**THE INPUT:**
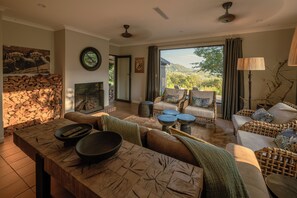 Luxury House, Mountain View | Living area - Valley Lodge - Babanango Game Reserve (Ulundi)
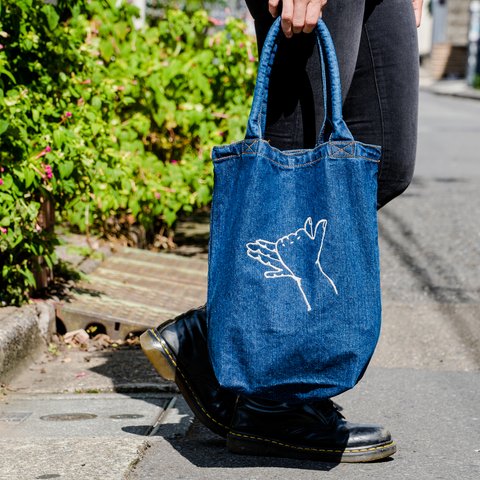 受注生産）影絵遊びの刺繍ウォッシュデニムトート（刺繍大）　犬 tenonaka 刺繍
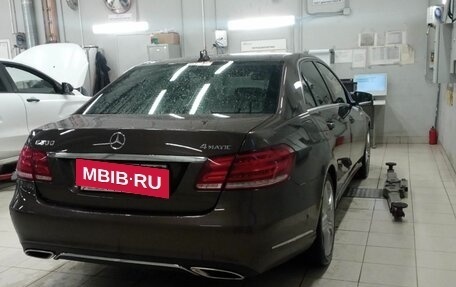 Mercedes-Benz E-Класс, 2013 год, 2 480 000 рублей, 3 фотография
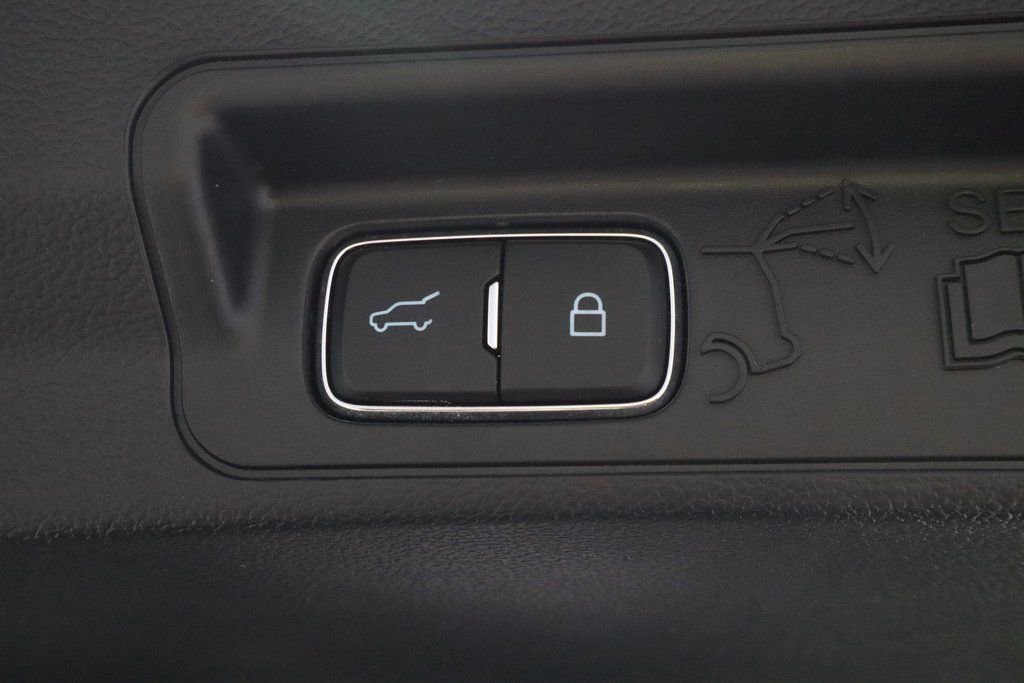 Certified 2023 Ford Explorer XLT w/ Equipment Group 202A image 22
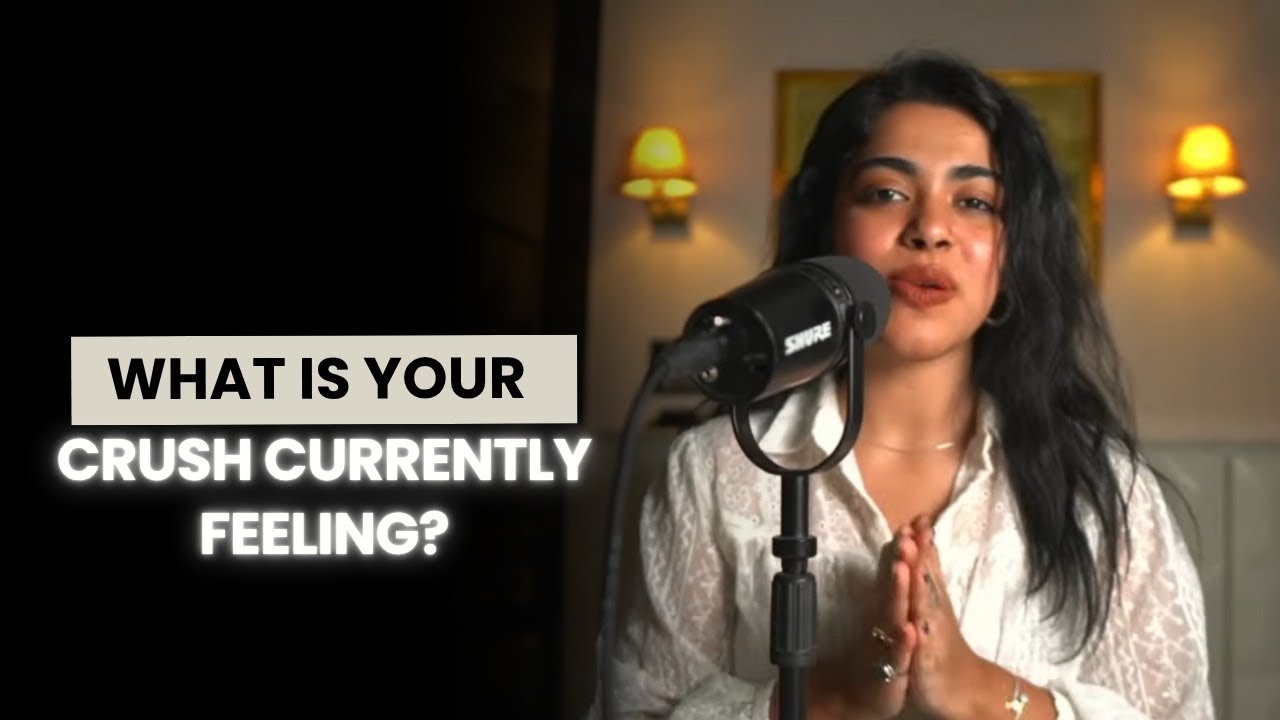Apke crush abhi kya feel kar rahe hai ? 🥰 || Tarot Reading (Hindi)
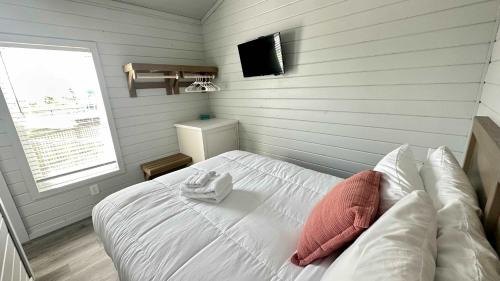 Gilchrist House | Pet & Family Friendly on the Bay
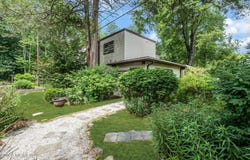 22 Pine Drive, Roosevelt, NJ 08555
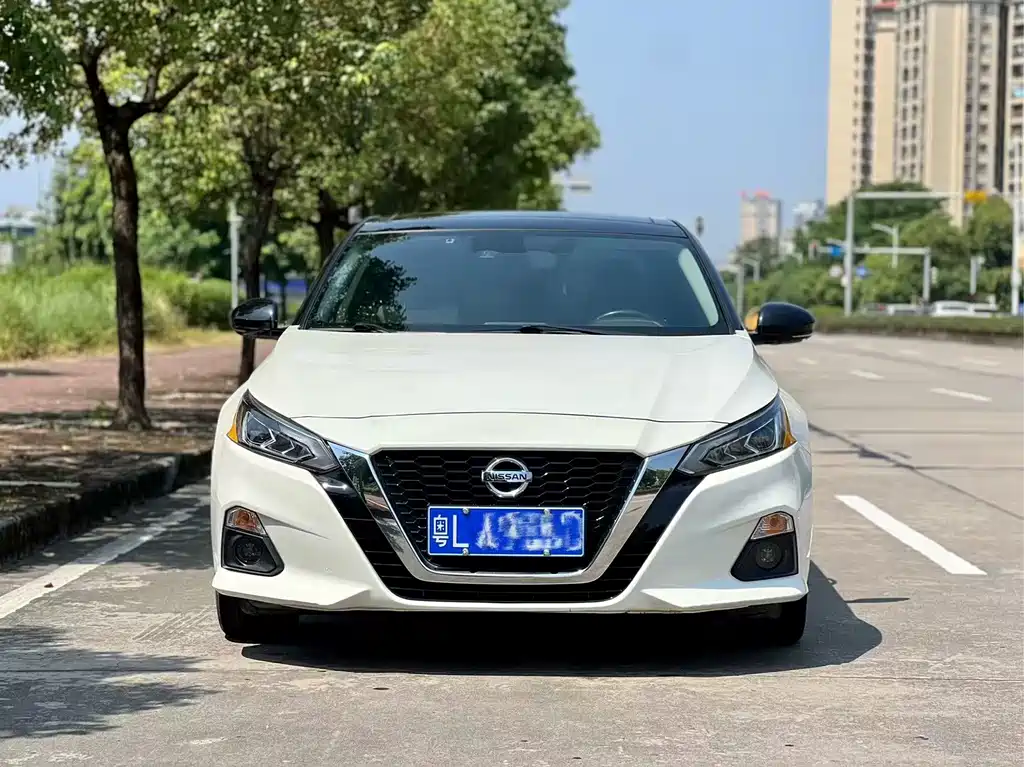 Nissan Teana — фото 2
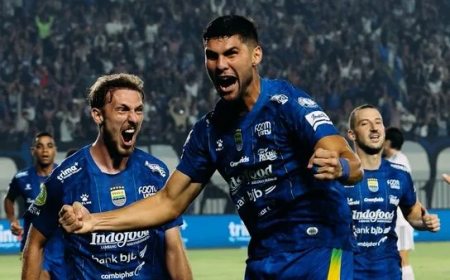 Persib Bandung Tekuk Persik 1-0, Sundulan Julio Cesar Jadi Penentu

**INSTRUCTIONS FOR THE TASK:** Print the whole listing exactly, please, and keep any images out of it.

**ANSWER TO THIS TASK:**
 Luxury House, Mountain View | Living area - Valley Lodge - Babanango Game Reserve (Ulundi)
 受注生産）影絵遊びの刺繍ウォッシュデニムトート（刺繍大）　犬 tenonaka 刺繍
 Mercedes-Benz E-Класс, 2013 год, 2 480 000 рублей, 3 фотография
 Certified 2023 Ford Explorer XLT w/ Equipment Group 202A image 22
Apke crush abhi kya feel kar rahe hai ? 🥰 || Tarot Reading (Hindi)
 Gilchrist House | Pet & Family Friendly on the Bay
 22 Pine Drive, Roosevelt, NJ 08555
 Nissan Teana — фото 2
 Persib Bandung Tekuk Persik 1-0, Sundulan Julio Cesar Jadi Penentu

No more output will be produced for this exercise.